X marks the spot
At first glance the work of Mark Beerens appears accessible, but upon further examination a multiplicity of layers is evident. This layeredness can not only be seen literally in his paintings but also in the basic premises from which he works.
The connecting thread here is the urge to create a synthesis between different eras and movements. Mark Beerens takes his inspiration both from history and art history, and today’s constant stream of images.
“I see myself as a kind of link between the world as it was then and as it is now; I investigate the contexts of old and new techniques and try to connect them.”
With this combination of old and contemporary techniques, Mark Beerens creates a new visual idiom. For example, elements from the ‘Flemish Primitives’ such as geometry and layered coloration gain new overtones through the presence of modern clothing or surroundings, or the significance of a subdued form is changed due to a thick stroke of paint. Whereas in one painting the use of these various techniques is clearly recognizable, in another they are so interwoven that it takes time to discover them.

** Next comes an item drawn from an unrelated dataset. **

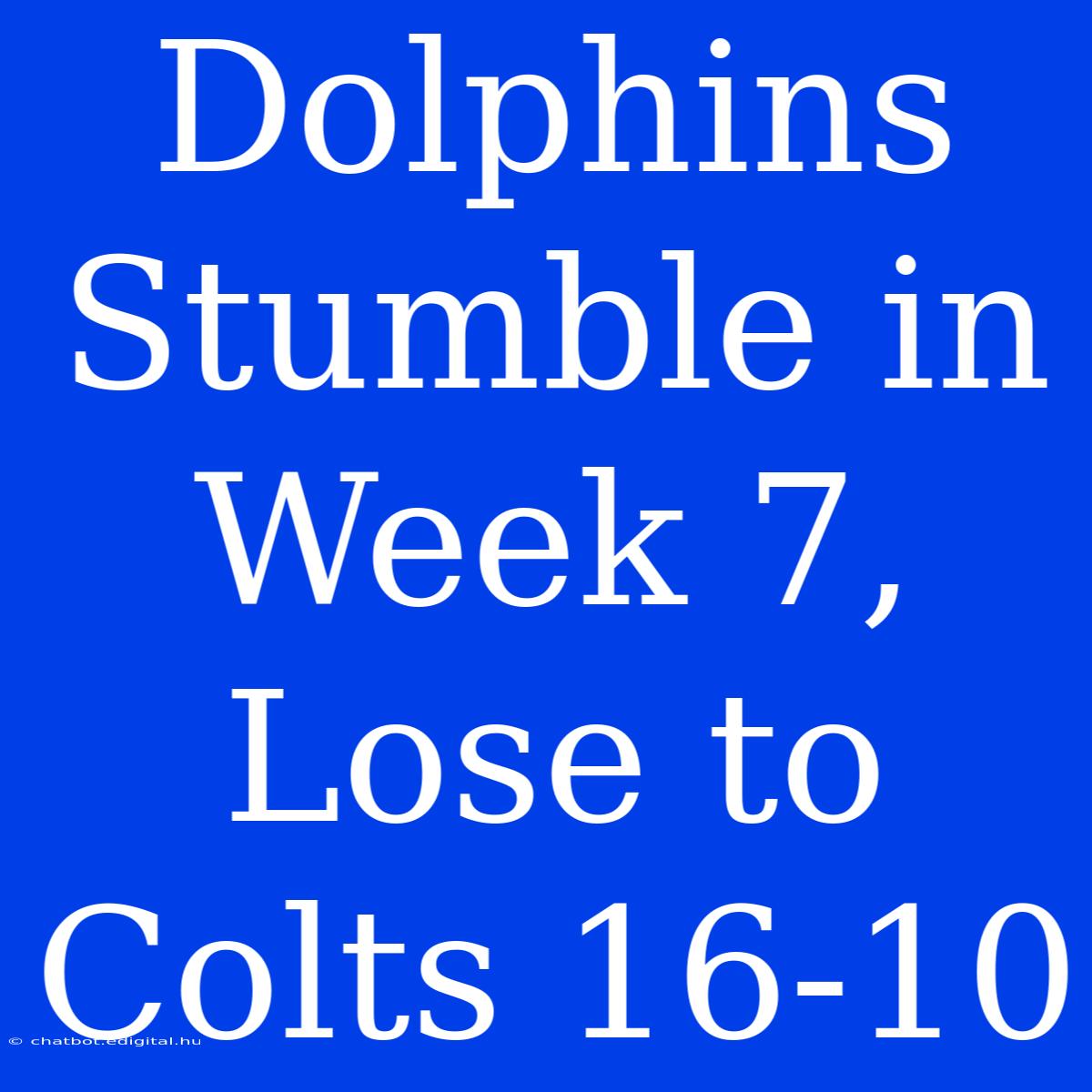 Dolphins Stumble In Week 7, Lose To Colts 16-10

“In my mind they often already become transposed into something new. I think this comes from an inner desire to not impose any boundaries upon myself. This enables me to react to the images that come into my mind, mix them and change them into a new image.”

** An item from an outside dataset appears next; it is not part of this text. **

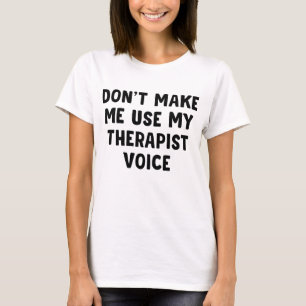 Lass mich nicht meine therapeutische Stimme benutz T-Shirt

A recurring theme in his work is elements of Holy Geometry, such as the Golden Section and the Fibonacci series; here Beerens is trying to make clear that people have never lost their predilection for aesthetics and that these geometries are still actively present in society to this day.
“Harmonious proportions such as the Golden Section can still be found in modern visual culture. What’s more, I think that today’s enormous flood of images has led people to have an even greater desire for these proportions.”
With Mark Beerens, the creative process takes place not in a sketchbook but in his head. Eventually he will make a sketch on the computer. There, he can measure things and go into details. Although his work appears to be extremely conceptual and thought-out, everything can change during the working process. From the moment he sets up a painting until the last brush stroke, colours, facial expressions, folds and forms can be removed or added. In essence, nothing is certain.